Sylvester Stallone adapts a vehicle for his Expendables co-star Jason Statham as a strangely accented former DEA agent and single father who unwittingly runs afoul of locals in small town Louisiana. The eclectic cast includes Kate Bosworth as a nasty resident, James Franco as a drug dealer, and Winona Ryder as his ex-girlfriend. It’s very standard action-thriller stuff, but basically delivers on its premise, giving Statham a chance to kick some ass and Franco to add another unpredictable credit, and character to his résumé.
300: Rise of an Empire
300 wasn’t a film that leant itself easily to a sequel, which may explain why it’s taken so long for a follow-up to that surprise smash to appear. Somehow, Rise of an Empire manages to take place before, during, and after the events of 300. The timeline, and coherency in general are hardly the primary concerns of new director Noam Murro (Zach Snyder stays on as screenwriter and producer), who puts his efforts into the heightened visuals and battle scenes. Maybe I’ve just been worn down by too many bloodless PG-13 action movies in recent years but it was quite fun to see the excessiveness of the violence on display here, with huge, clearly CGI blood spraying everywhere upon the frequent slayings as Murro puts on the slo-mo for maximum effect. The film has a nominal lead in the super-bland Sullivan Stapleton but it’s only Eva Green who manages to inject some spark into the film as Artemisia.

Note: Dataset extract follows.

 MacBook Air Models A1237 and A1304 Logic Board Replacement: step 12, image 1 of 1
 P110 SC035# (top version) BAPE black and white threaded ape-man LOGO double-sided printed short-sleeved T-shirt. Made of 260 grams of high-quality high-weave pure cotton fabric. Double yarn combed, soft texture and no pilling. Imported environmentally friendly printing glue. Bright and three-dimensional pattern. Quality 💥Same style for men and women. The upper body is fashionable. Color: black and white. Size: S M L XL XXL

I’d heard about some controversy Peter Berg’s fact based war drama drew for taking liberties with its source material and being overly jingoistic before getting a chance to see it. It apparently played very well with right-wing audiences in the US and while it’s certainly very pro-USA, it’s not obviously more so than some other war films I’ve seen. I didn’t find much to object to politically but just found this story of a failed Navy SEAL operation in Afghanistan rather boring. The action was mediocre, and there was little tension to be found in the dangerous situations (perhaps aided by the title giving away the plot). I do think it’s noteworthy for a war film to be well received by those who actually took part in the war in question, as Lone Survivor generally appeared to be, but I found it lacking in both excitement and power.
The Raid 2
Welsh director Gareth Evans impressed a great deal of people with Indonesian action fest The Raid two years ago. That film featured astonishing sequences of balls-to-the-wall action, but honestly didn’t have a great deal of plot or characterisation. Evans seeks to restore that balance with the sequel, which is just as reminiscent of Scorsese as it is John Woo. I wasn’t surprised to learn that the ideas for this film actually predated the original Raid, but Evans was unable to secure funding and opted for the smaller project first. The Raid 2 is a sequel that I found considerably more impressive than the original; it boasts a story examining the criminal underworld of Jakata, as Rama is sent undercover in prison to befriend a gang leader’s volatile son. There’s so much plot this time around that it actually is a bit tough to take it all in in one viewing, and I’m keen to see this again soon. It’s a crime epic that mostly justifies its 2-and-a-half hour running time, if it’s a little bit indulgent in places. Crammed with iconic imagery, Evans has upped his game in every aspect here, including of course, the action sequences. He crafts several breath-taking fight scenes, employing masterful camera work, including a few moving long shots that I’m at a loss as to how he achieved. That Evans is able to create better action scenes than most blockbusters using about 2% of their budget is not something to be ignored. It’s brutal, but not exhausting, and confirms Evans as one of the most exciting filmmakers to have emerged in recent years.